▶ REQUIRED WORK:
Where an image appears in the data, omit it and reproduce the rest exactly.

▶ EXTRACTED MATERIAL:
● ● ● ● ● ● ●
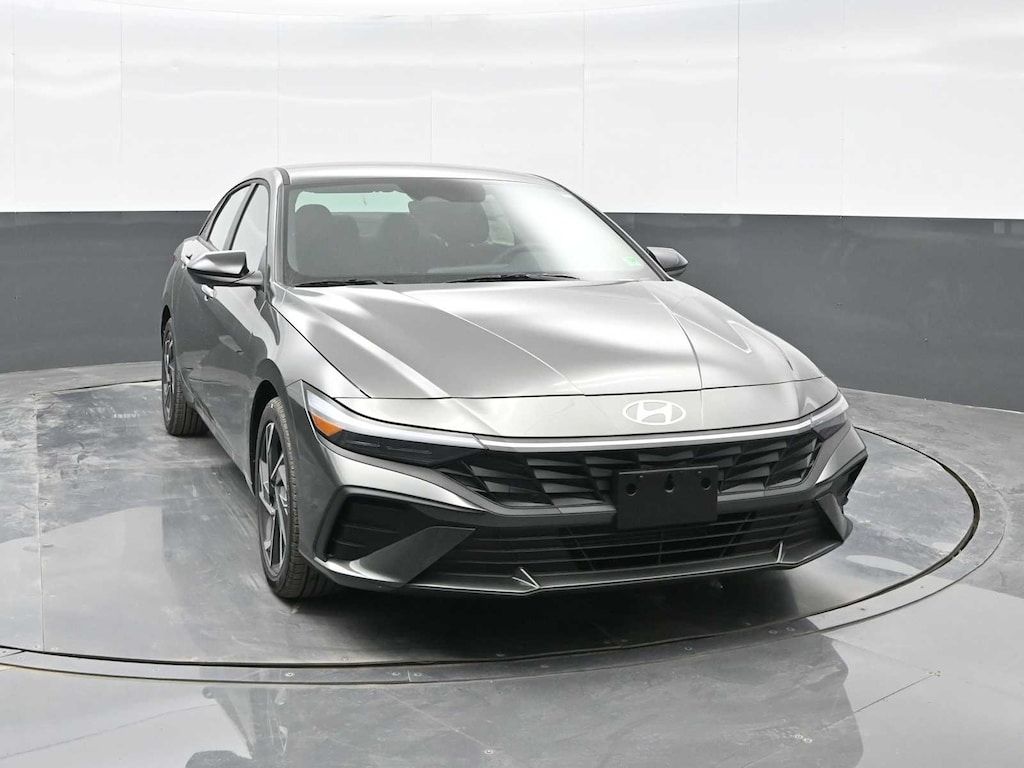 New 2025 Hyundai Elantra SEL Sport IVT
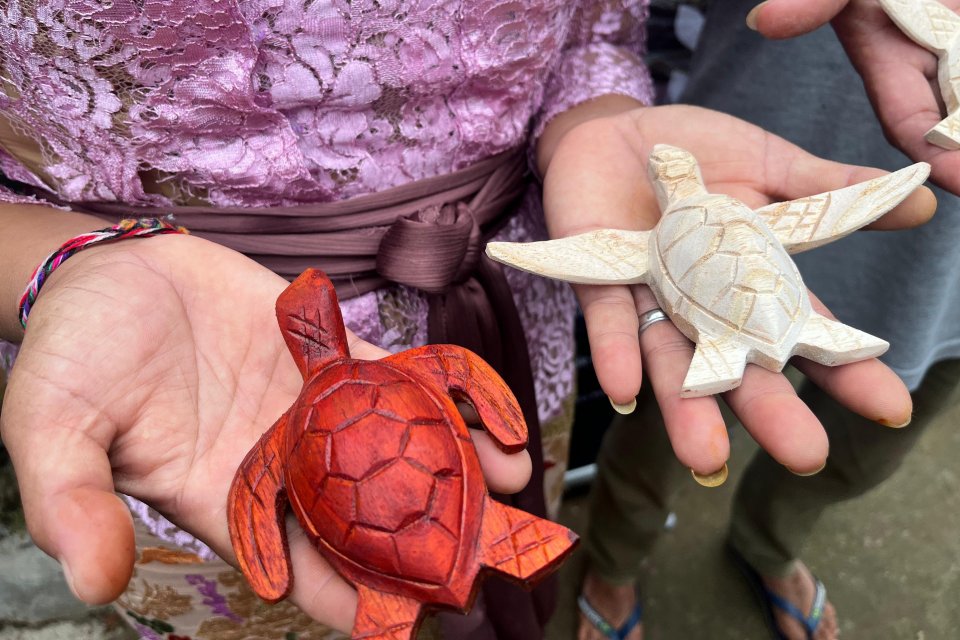 Patung penyu dari kayu buatan Ni Made Suhendri atau Bu Jero yang berhasil tembus pasar internasional. 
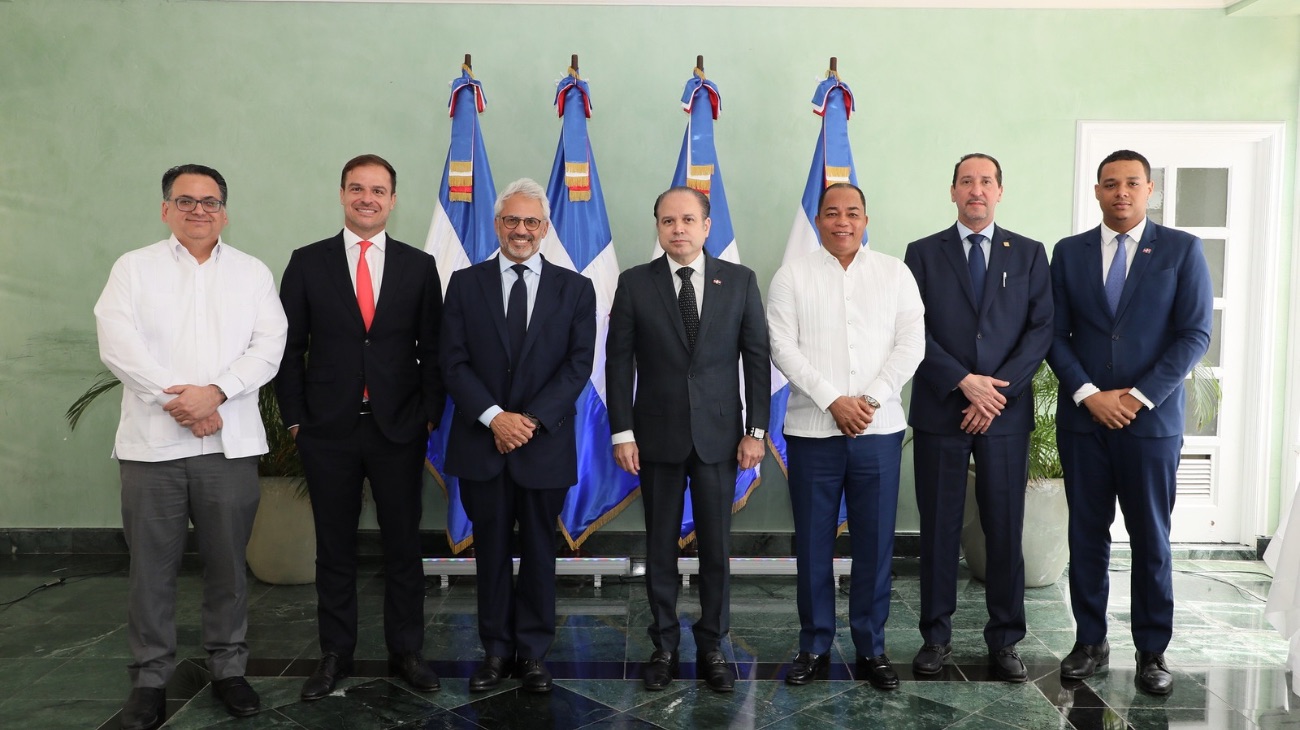 República Dominicana y Bladex firman declaración para negociar acuerdo que establecería oficina regional en el país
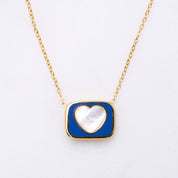 "From the Heart" Halskette: Ein Liebesbrief an dich selbst. Symbolisiert Selbstliebe und Lebensfreude. Die blaue Emaille und das glatte Perlmutt bilden eine perfekte Symbiose. Vielseitig kombinierbar, aber auch allein ein Statement. Für Frauen, 18k vergoldet und wasserfest.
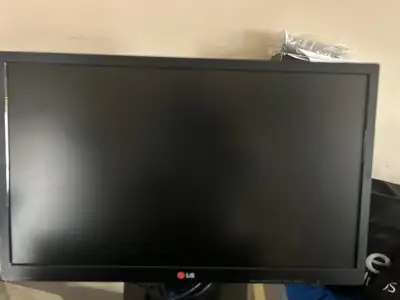 LG LED Monitor 24EN33 Used, View more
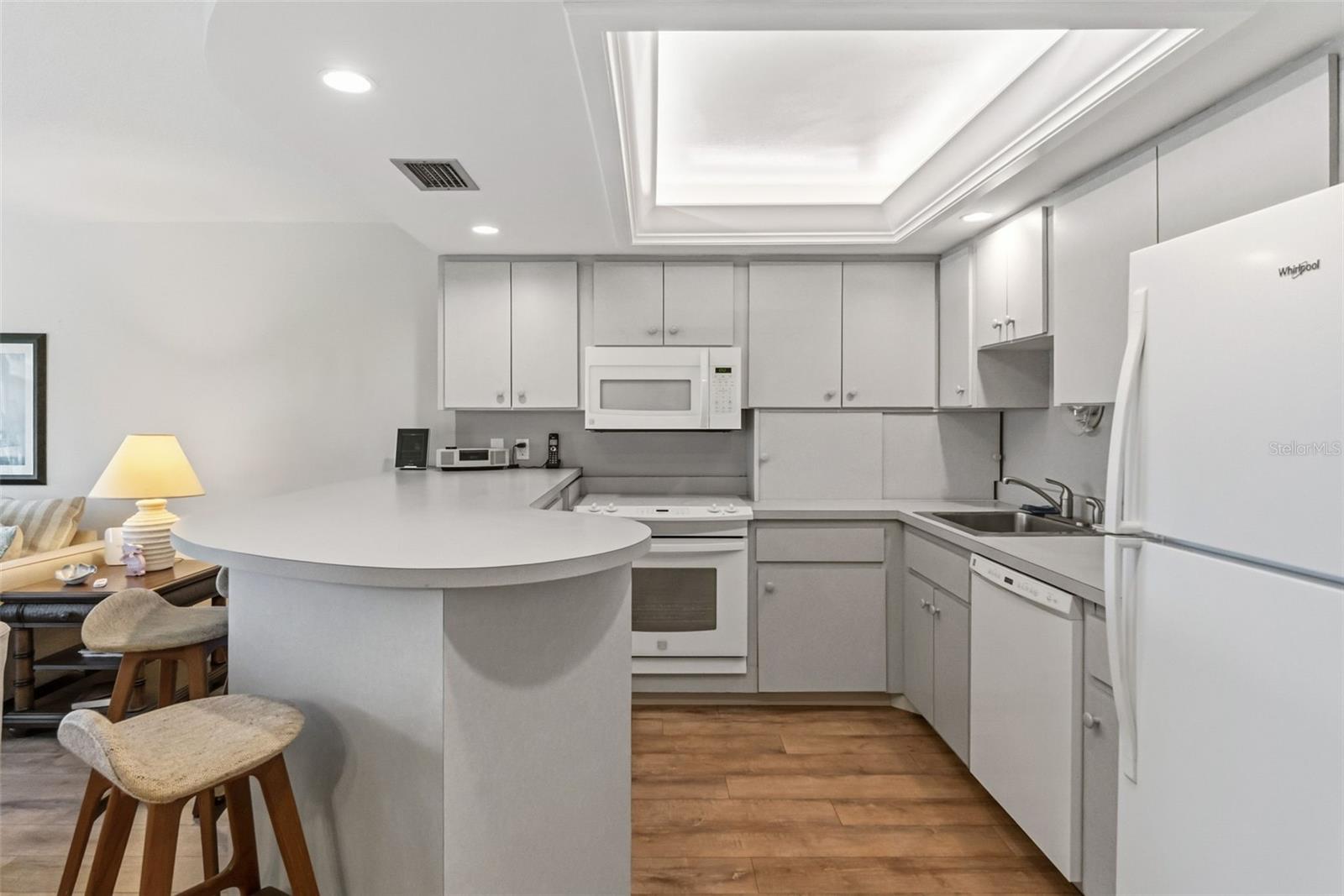 WHITNEY BEACH - Residential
● ● ● ● ● ● ●
▶ REPLY:
 New 2025 Hyundai Elantra SEL Sport IVT
 Patung penyu dari kayu buatan Ni Made Suhendri atau Bu Jero yang berhasil tembus pasar internasional. 
 República Dominicana y Bladex firman declaración para negociar acuerdo que establecería oficina regional en el país
 "From the Heart" Halskette: Ein Liebesbrief an dich selbst. Symbolisiert Selbstliebe und Lebensfreude. Die blaue Emaille und das glatte Perlmutt bilden eine perfekte Symbiose. Vielseitig kombinierbar, aber auch allein ein Statement. Für Frauen, 18k vergoldet und wasserfest.
 LG LED Monitor 24EN33 Used, View more
 WHITNEY BEACH - Residential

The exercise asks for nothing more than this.